Data extracted from a collection:
- - - - - - -

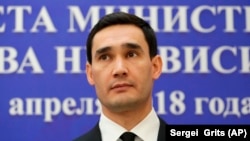 There has been speculation that Serdar Berdymukhammedov (pictured) is being groomed to succeed his father, Turkmen President Gurbanguly Berdymukhammedov. (file photo)
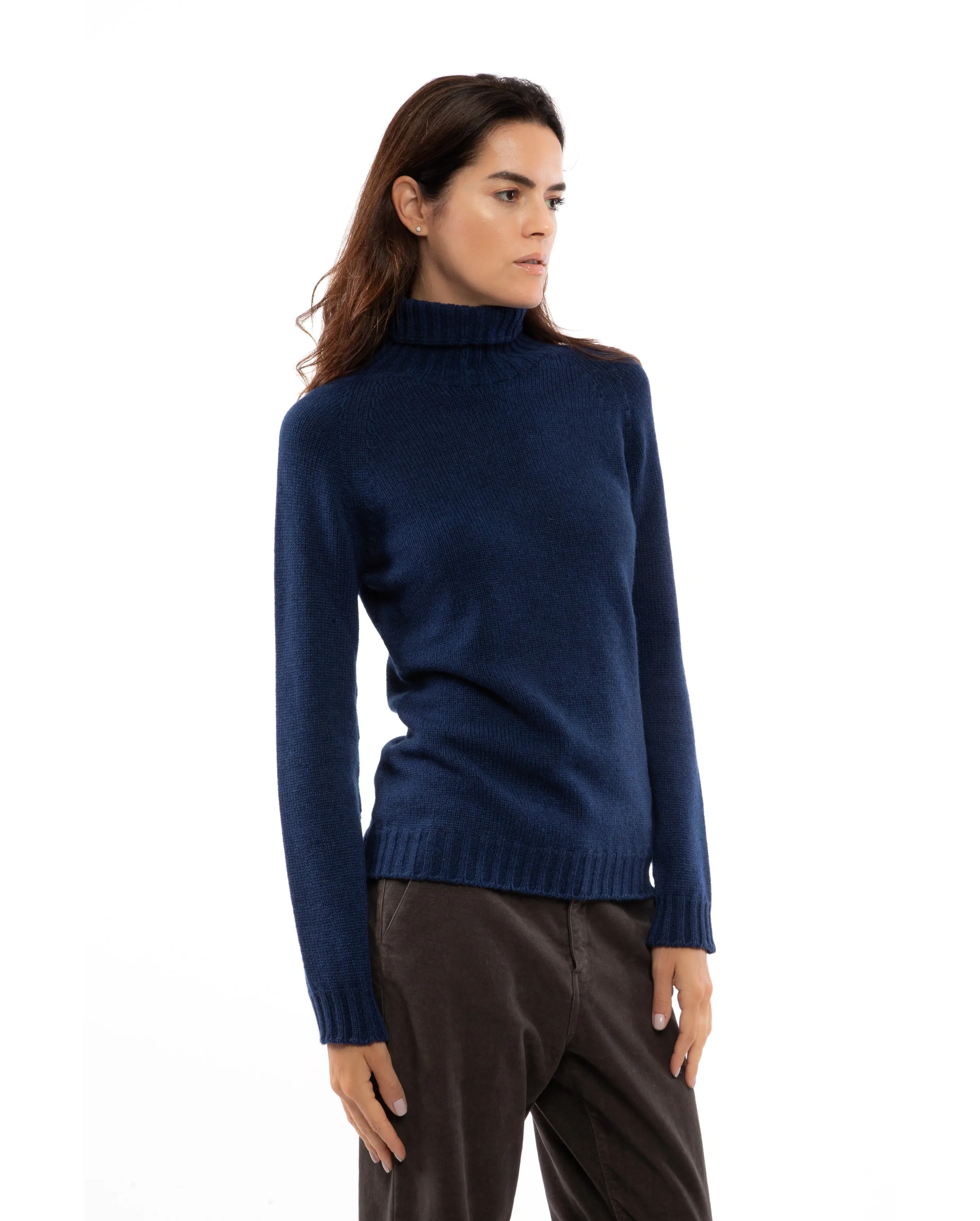 NEW FALL 24 - Women's Cashmere Raglan Sleeve Turtleneck Sweater Night Blue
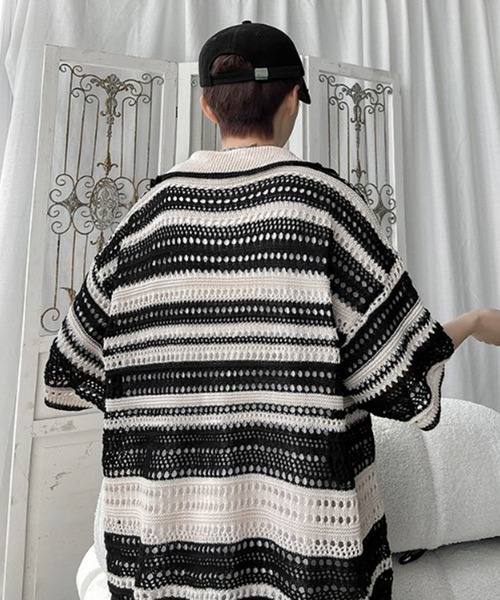 THE HITSS(ヒッツ)の「レトロ カラフルストライプ 透かし編み サマーニット ボーダー ポロシャツ(ポロシャツ・メンズ・ブラック/マルチ・FREE)」の9枚目の写真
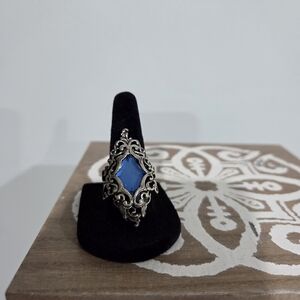 Elegant Silver and Blue Women's Ring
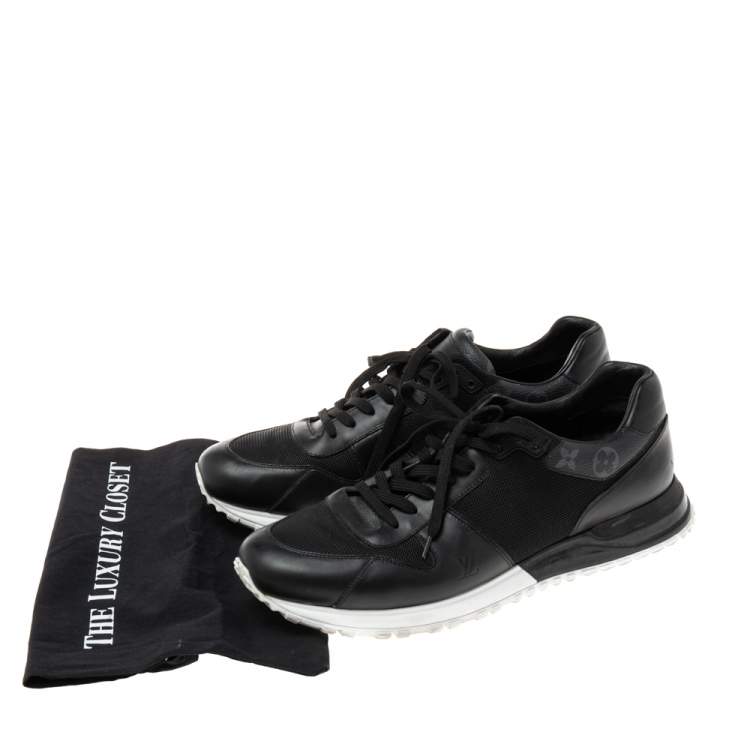 Pre Owned Louis Vuitton Black Mesh And Monogram Canvas Run Away  Sneakers Size 45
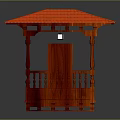 Wooden Pavilion With Red Tiled Roof Wooden Columns Carved Railings And Door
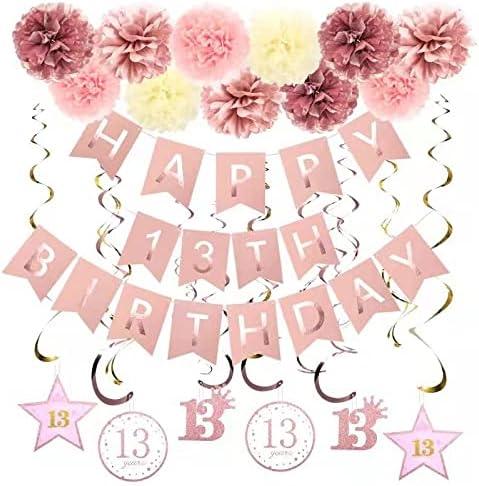 Rose Gold 13th Birthday Party Decors , Rose gold Glittery Happy 13th Birthday Banner,Poms,Sparkling Hanging Swirls Kit for 13th Birthday Party Supplies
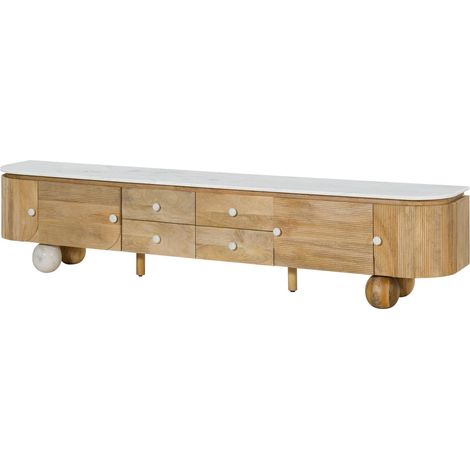 TV-Board Mango 240x40x50 natur lackiert / Marmor weiß FLORENZ 103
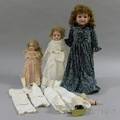 Three Bisque Shoulder Head Dolls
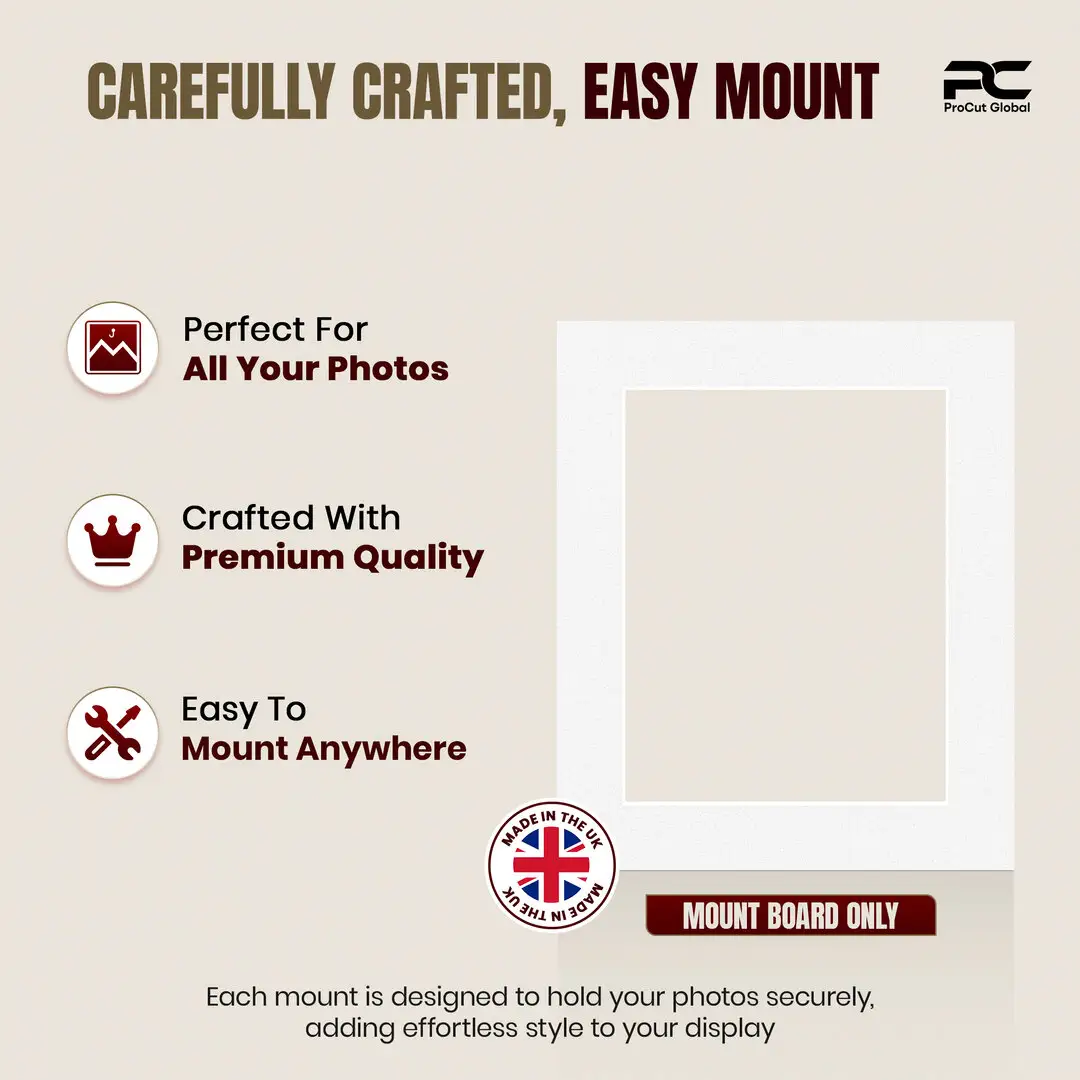Ice White 12x10" Picture Mount With 9x7" Aperture | Acid-Free Mat Board For Photos & Artwork thumbnail 8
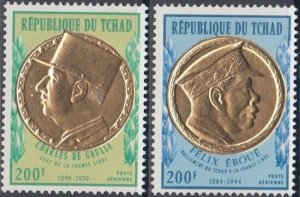 CHAD Sc# C92-3 CPL MNH SET of 2 with 1 for CHARLES de GAULLE PRESIDENT of FRANCE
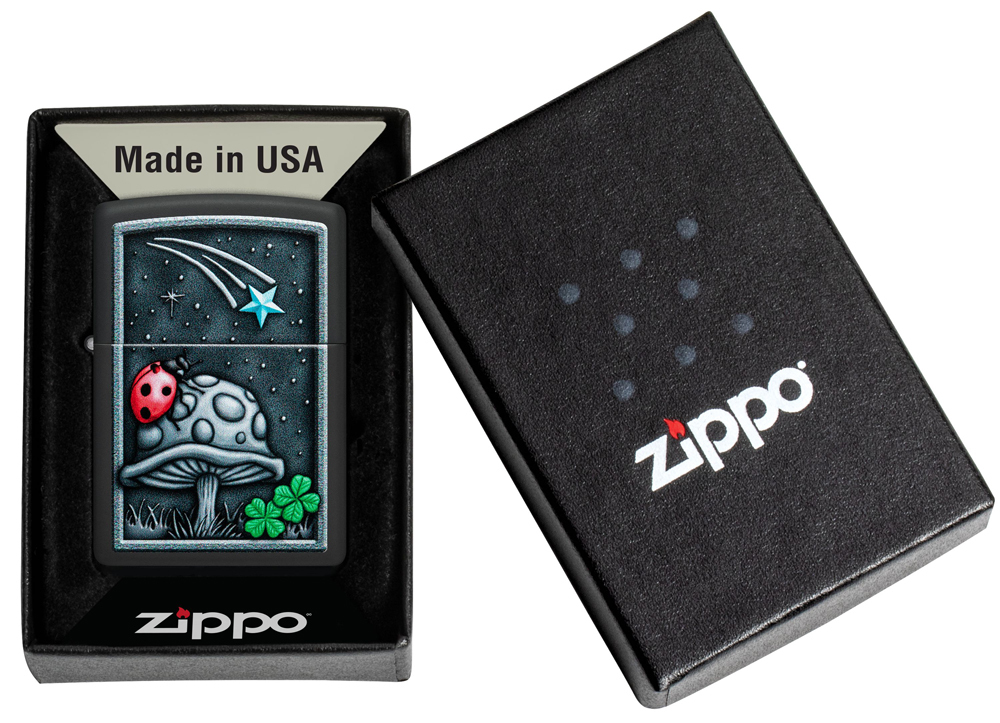 фото Зажигалка zippo ladybug design с покрытием black matte, латунь/сталь, черная, матовая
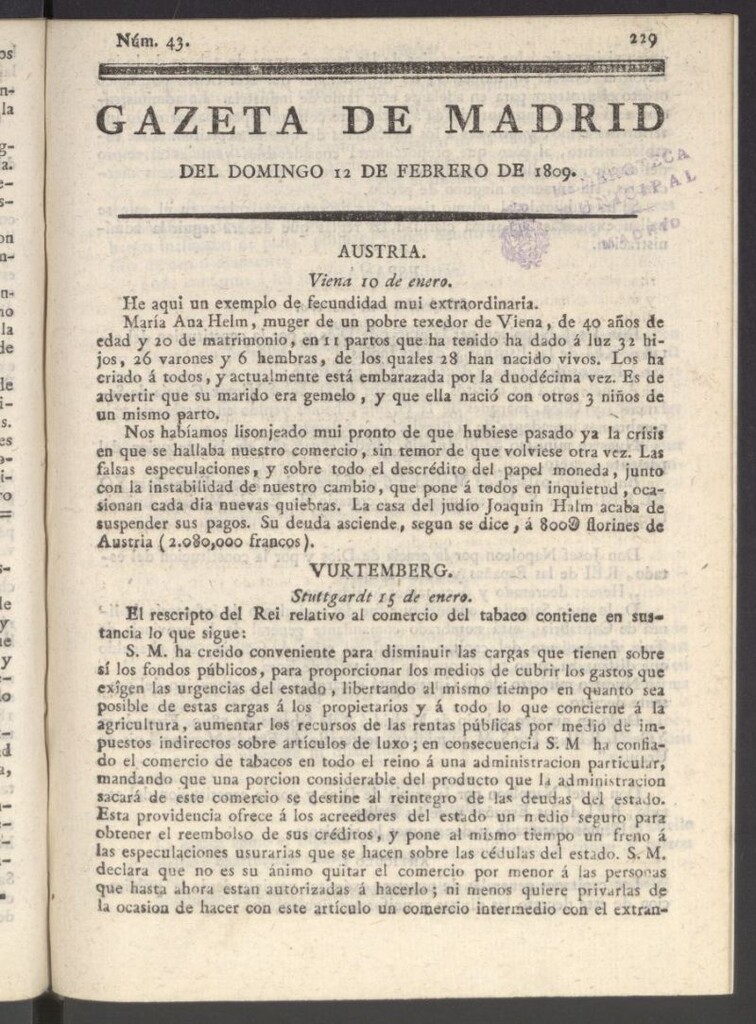 Miniatura de Gazeta de Madrid del 12 de febrero de 1809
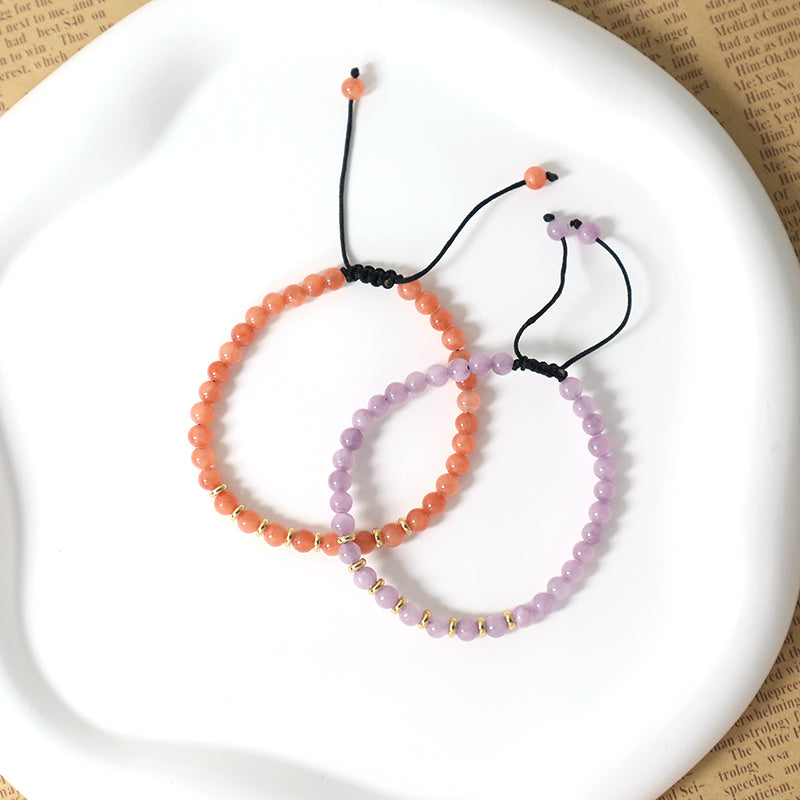 Newest Custom Women Handmade Gold Plated Charm Adjustable 4mm Healing Energy Gemstone Woven Macrame Natural Stone Beads Bracelet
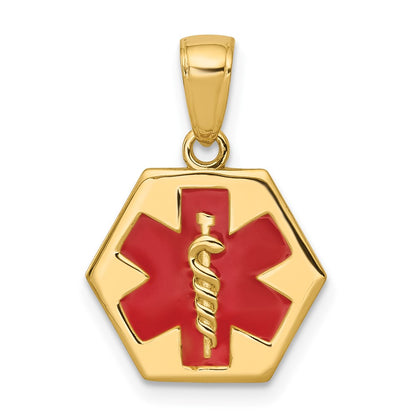 10K Yellow Gold 10K Enameled Medical Disk Pendant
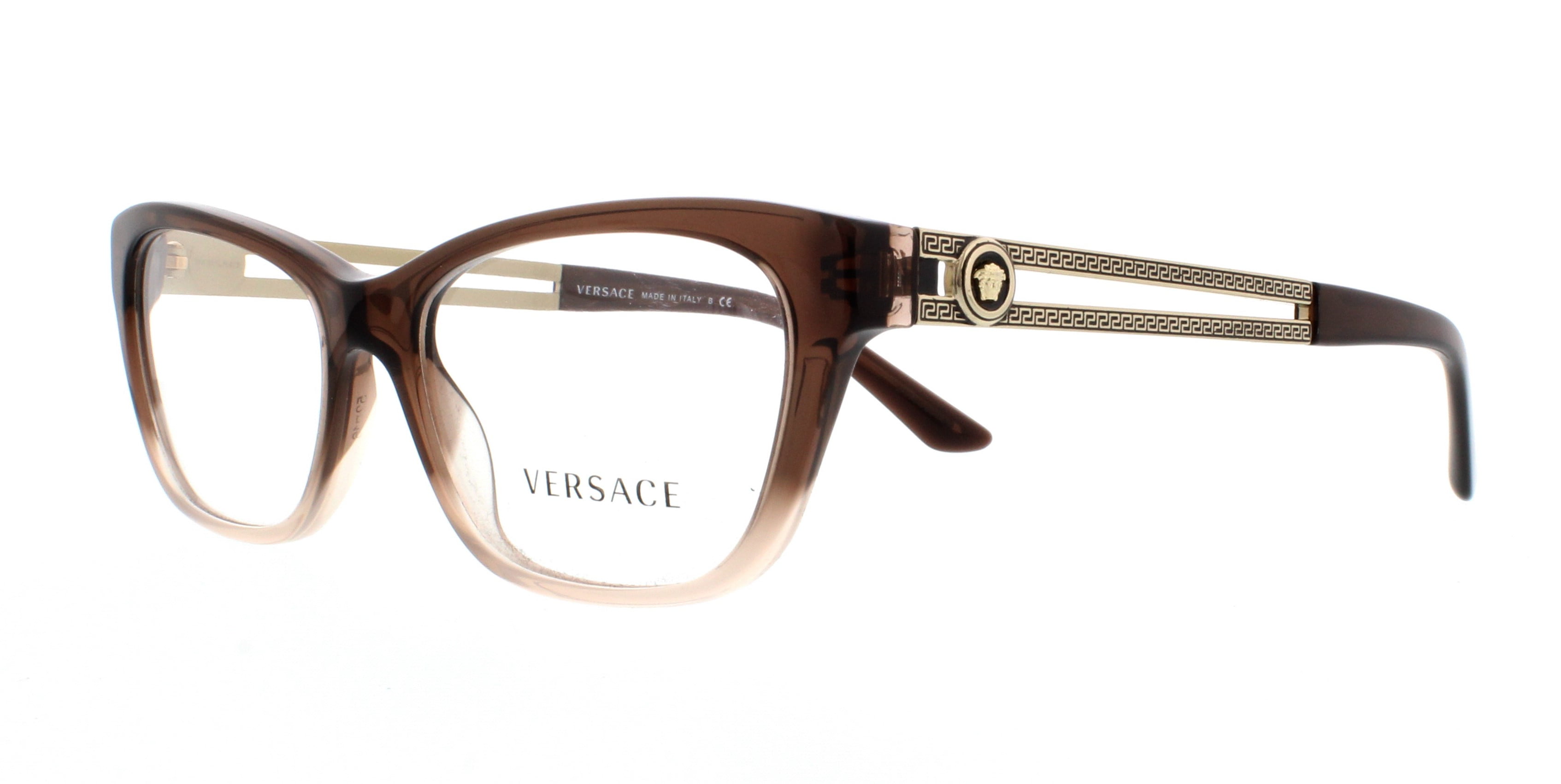 VERSACE Eyeglasses VE 3220 5165 Brown/Light Brown Transparent 52MM
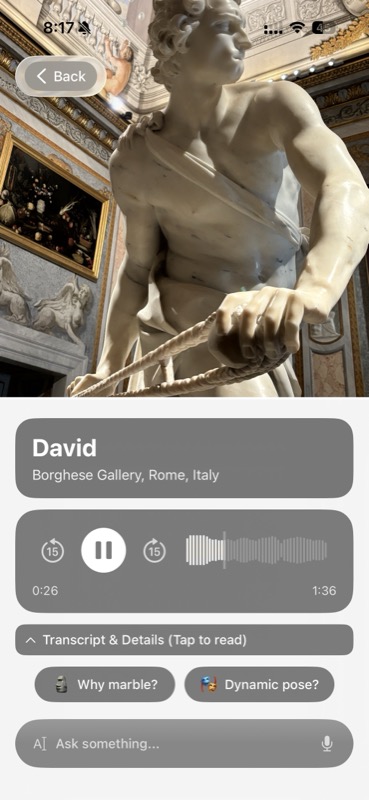 Chiaro recognizing Bernini's David at the Borghese Gallery in Rome, with follow-up buttons "Why marble?" and "Dynamic pose?"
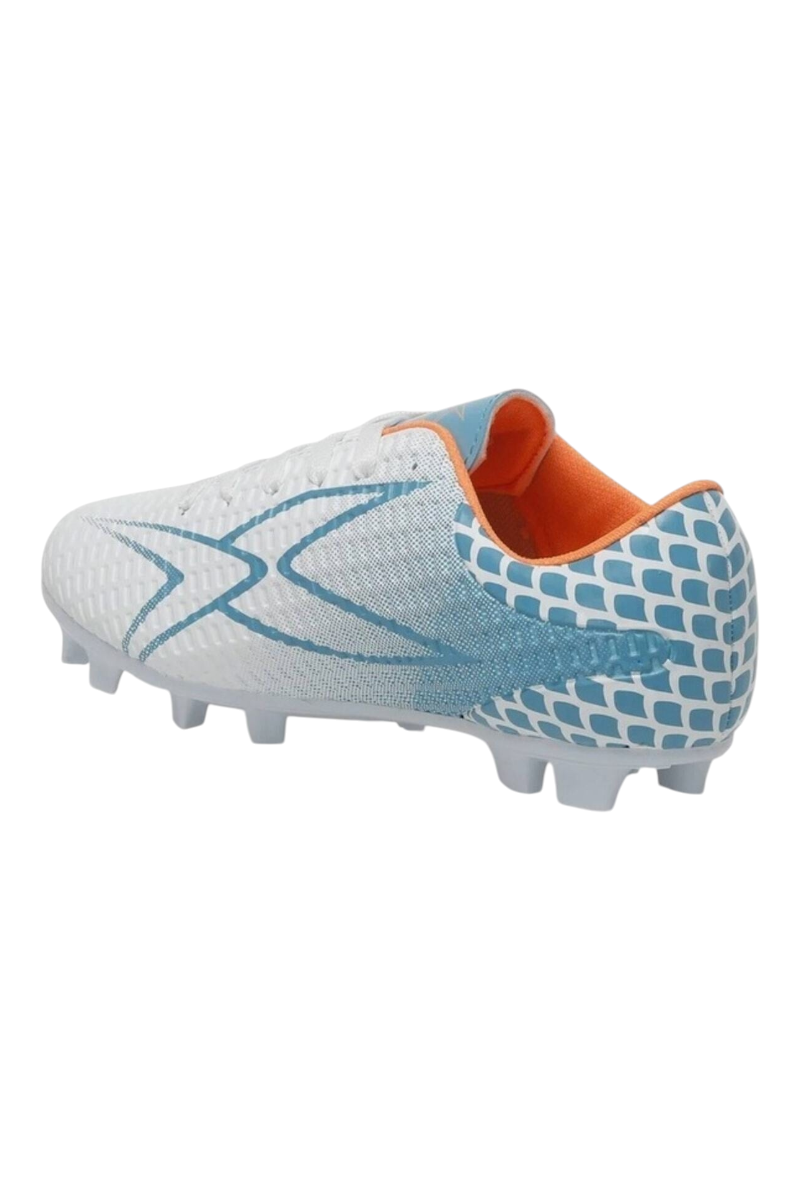 Sporline Kinetix Sergi AG unisex krampon, beyaz ve turkuaz neon renkli, desenli futbol ayakkabısı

- - - - - - -

> [Aim of the exercise]:
The expected output is the lines above from the one containing "10K Yellow Gold" to the one containing "Chiaro recognizing Bernini's", both ends included, reproduced exactly with every picture left out.

> [Answer area]:
 10K Yellow Gold 10K Enameled Medical Disk Pendant
 VERSACE Eyeglasses VE 3220 5165 Brown/Light Brown Transparent 52MM
 Chiaro recognizing Bernini's David at the Borghese Gallery in Rome, with follow-up buttons "Why marble?" and "Dynamic pose?"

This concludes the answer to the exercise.